Re:Every pound counts (1)

TheRaven64 (641858) | about 3 years ago | (#36888098)

Depends on the aircraft. For a light aircraft, you could get about 1kW in typical usage, assuming about 5 square metres of wing surface that are useable. Let's see what that would do with a Cessna 140:

Mass is 658 kg, fully fuelled, and the maximum rate of climb is 3.5m/s. Assuming 100% efficiency, that would require about 20kW, but at practical levels, it's much more - probably close to the 63kW maximum output of the engine. However, in straight and level flight, the energy requirements for an aircraft are pretty small. After takeoff, that 1kW may not be enough to completely power you at cruising speed, but it should go a long way towards it. There are some ultralight aircraft that can already fly for over a day just on solar power. I'd be quite interested in something in the middle, that could recharge on the ground during a sunny day and could cruise on solar power for longer than I'd want to stay alert for.

Re:Every pound counts (2)

vijayiyer (728590) | about 3 years ago | (#36888742)
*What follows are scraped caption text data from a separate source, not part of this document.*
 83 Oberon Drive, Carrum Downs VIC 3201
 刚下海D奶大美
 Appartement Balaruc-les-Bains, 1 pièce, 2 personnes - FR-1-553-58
A typical aircraft economy cruise is 55% of peak power. Fast cruise is 75% power. 1 kW would not go all that long of a ways towards powering the aircraft. Also, while the 140 is a beautiful aircraft, it's not exactly a speed demon.

Re:Every pound counts (0)

Anonymous Coward | about 3 years ago | (#36887840)
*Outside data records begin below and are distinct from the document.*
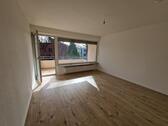 Foto - Renovierte 2-Zimmer-Wohnung mit Balkon + PKW-Stellplatz *Bochum-Werne*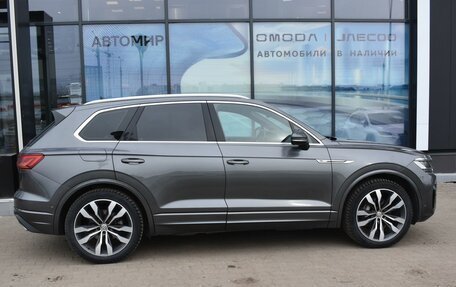 Volkswagen Touareg III, 2018 год, 4 585 000 рублей, 4 фотография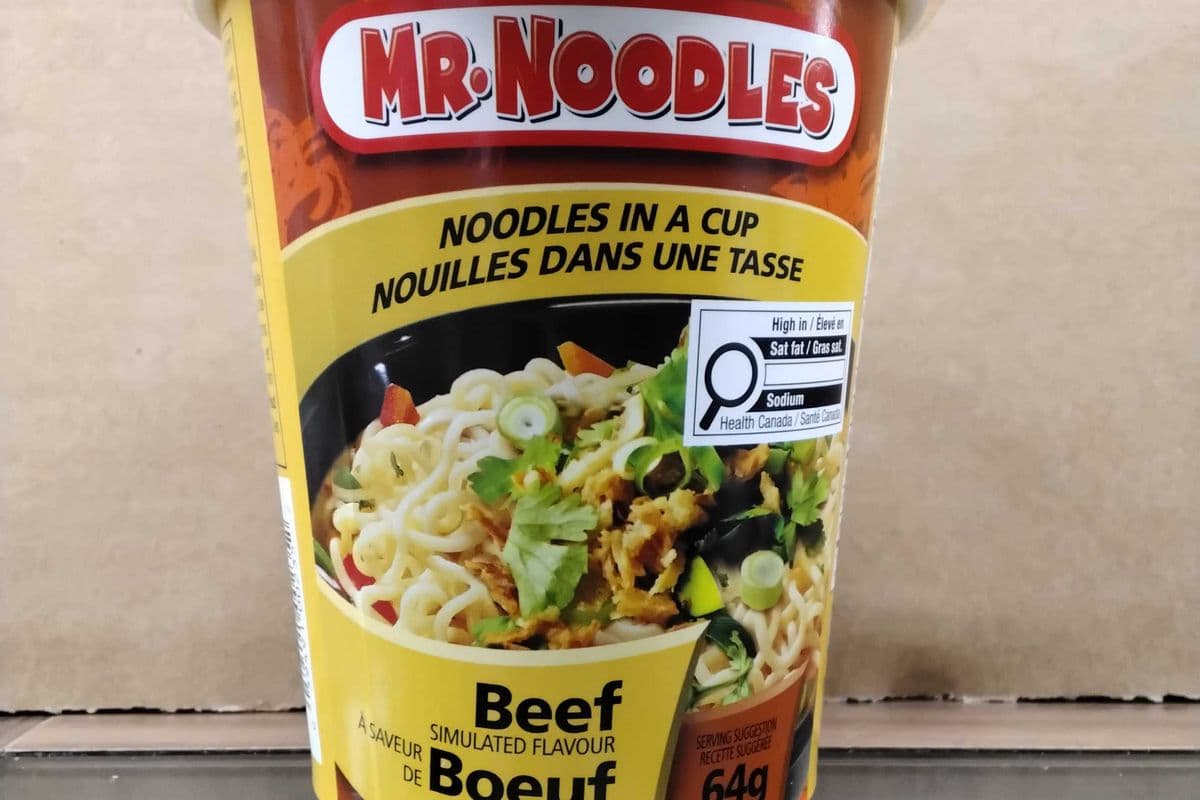 Mr. Noodle beef Noodle in cup (64g)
You don't get to do regenerative braking either.
That depends on if the regenerative things are better than the lift being produced on the plane. But yes batteries would be stupid huge... Now however think about this most locomotives made these days are actually electrical. With a huge diesel engine producing the power. Also you could use standard diesel instead of jet fuel. Also if the conversion is less than what a jet produces than electricity into a motor it may work...

Re:Every pound counts (1)

Baloroth (2370816) | about 3 years ago | (#36888166)

The difference is that locomotives have huge inertial mass, so they require massive power to get moving. Once moving, they require significantly less power to stay in motion, courtesy of the laws of motion. Therefore, electric-hybrid makes sense: batteries provide the initial power, so you can build a smaller diesel than you would otherwise need. Larger jumbo-jets, on the other hand, pretty much fly like a brick with wings. They run at close to full power pretty much the whole flight (I think its actually 70-80%), pretty well negating the advantage to hybrid setups. Especially given the added weight of such a setup (negligible in cars/locomotives, huge in aircraft).

Re:Every pound counts (1)

hawguy (1600213) | about 3 years ago | (#36888352)

The difference is that locomotives have huge inertial mass, so they require massive power to get moving. Once moving, they require significantly less power to stay in motion, courtesy of the laws of motion. Therefore, electric-hybrid makes sense: batteries provide the initial power, so you can build a smaller diesel than you would otherwise need. .

I don't think diesel-electric locomotives use any battery power to power the drive wheels. The advantage of the electric motor is that it generates high torque at low-speed to get the locomotive started, with no change in gear ratio needed as it picks up speed. The diesel engine driving the generator gets to run at its optimal speed regardless of how fast the locomotive is going.

Re:Every pound counts (1)

Grishnakh (216268) | about 3 years ago | (#36888866)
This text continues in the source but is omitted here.